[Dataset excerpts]
|---|

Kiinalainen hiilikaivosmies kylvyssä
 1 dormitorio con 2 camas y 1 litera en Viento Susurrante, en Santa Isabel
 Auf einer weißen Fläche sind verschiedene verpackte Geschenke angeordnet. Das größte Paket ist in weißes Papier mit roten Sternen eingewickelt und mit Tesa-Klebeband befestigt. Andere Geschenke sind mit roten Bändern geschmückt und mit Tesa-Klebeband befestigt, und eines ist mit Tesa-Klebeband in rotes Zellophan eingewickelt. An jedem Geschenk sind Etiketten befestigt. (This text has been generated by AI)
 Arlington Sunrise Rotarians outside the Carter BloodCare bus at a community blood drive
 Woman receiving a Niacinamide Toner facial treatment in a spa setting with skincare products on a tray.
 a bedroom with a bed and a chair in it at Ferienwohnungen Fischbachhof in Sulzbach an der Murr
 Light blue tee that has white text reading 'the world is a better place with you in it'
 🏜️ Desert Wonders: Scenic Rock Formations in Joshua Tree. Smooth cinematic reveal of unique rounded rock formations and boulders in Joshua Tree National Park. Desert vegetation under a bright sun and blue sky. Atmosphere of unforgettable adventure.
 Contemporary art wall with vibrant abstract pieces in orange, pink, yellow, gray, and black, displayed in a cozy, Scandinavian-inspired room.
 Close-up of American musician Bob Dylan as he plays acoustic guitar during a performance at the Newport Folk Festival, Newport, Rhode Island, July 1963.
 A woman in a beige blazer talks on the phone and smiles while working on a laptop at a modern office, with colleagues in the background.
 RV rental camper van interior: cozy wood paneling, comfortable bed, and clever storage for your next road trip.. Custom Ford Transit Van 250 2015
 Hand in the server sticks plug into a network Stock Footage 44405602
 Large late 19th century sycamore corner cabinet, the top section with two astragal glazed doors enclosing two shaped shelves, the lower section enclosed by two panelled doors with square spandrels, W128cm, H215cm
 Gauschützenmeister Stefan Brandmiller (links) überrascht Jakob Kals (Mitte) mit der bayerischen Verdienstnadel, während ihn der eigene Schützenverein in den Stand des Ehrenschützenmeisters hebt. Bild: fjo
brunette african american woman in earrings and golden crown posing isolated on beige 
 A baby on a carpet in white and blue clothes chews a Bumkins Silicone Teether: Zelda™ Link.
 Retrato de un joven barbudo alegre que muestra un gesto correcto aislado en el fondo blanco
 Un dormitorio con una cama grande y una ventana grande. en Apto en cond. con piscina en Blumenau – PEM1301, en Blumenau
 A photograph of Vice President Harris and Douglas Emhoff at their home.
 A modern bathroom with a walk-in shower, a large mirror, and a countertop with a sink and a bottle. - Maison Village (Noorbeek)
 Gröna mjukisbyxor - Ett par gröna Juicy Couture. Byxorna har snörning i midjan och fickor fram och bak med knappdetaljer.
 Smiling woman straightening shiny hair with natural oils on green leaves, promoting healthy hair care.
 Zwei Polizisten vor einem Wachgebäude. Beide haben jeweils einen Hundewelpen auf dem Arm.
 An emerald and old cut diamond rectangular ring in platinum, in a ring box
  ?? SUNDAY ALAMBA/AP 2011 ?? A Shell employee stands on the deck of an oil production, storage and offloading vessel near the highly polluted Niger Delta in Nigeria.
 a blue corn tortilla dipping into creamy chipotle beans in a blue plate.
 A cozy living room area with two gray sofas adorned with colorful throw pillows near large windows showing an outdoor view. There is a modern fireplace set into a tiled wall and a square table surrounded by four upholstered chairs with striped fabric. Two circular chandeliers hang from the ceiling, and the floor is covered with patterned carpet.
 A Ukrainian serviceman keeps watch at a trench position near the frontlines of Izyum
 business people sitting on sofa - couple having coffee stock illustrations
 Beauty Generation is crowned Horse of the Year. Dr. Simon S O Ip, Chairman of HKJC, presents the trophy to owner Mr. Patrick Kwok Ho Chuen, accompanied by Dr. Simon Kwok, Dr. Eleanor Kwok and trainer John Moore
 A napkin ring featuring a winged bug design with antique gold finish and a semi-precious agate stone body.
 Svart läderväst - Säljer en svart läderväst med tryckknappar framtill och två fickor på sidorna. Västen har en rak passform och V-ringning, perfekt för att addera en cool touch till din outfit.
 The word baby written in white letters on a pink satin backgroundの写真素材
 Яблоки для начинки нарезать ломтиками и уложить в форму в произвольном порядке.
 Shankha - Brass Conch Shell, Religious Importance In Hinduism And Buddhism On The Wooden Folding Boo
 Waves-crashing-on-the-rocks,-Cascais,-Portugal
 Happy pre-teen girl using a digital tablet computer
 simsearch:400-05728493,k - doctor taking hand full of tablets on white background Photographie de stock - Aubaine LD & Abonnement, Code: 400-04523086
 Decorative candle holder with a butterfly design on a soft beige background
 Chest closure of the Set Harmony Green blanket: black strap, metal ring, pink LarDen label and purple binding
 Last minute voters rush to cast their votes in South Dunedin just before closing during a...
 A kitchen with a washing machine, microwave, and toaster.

|---|

- **EXERCISE OBJECTIVE**:
Please print, exactly and with nothing else, the lines from the first line of the entries through the line containing "1 dormitorio con".

- **SOLUTION FOR THIS PROBLEM**:
Kiinalainen hiilikaivosmies kylvyssä
 1 dormitorio con 2 camas y 1 litera en Viento Susurrante, en Santa Isabel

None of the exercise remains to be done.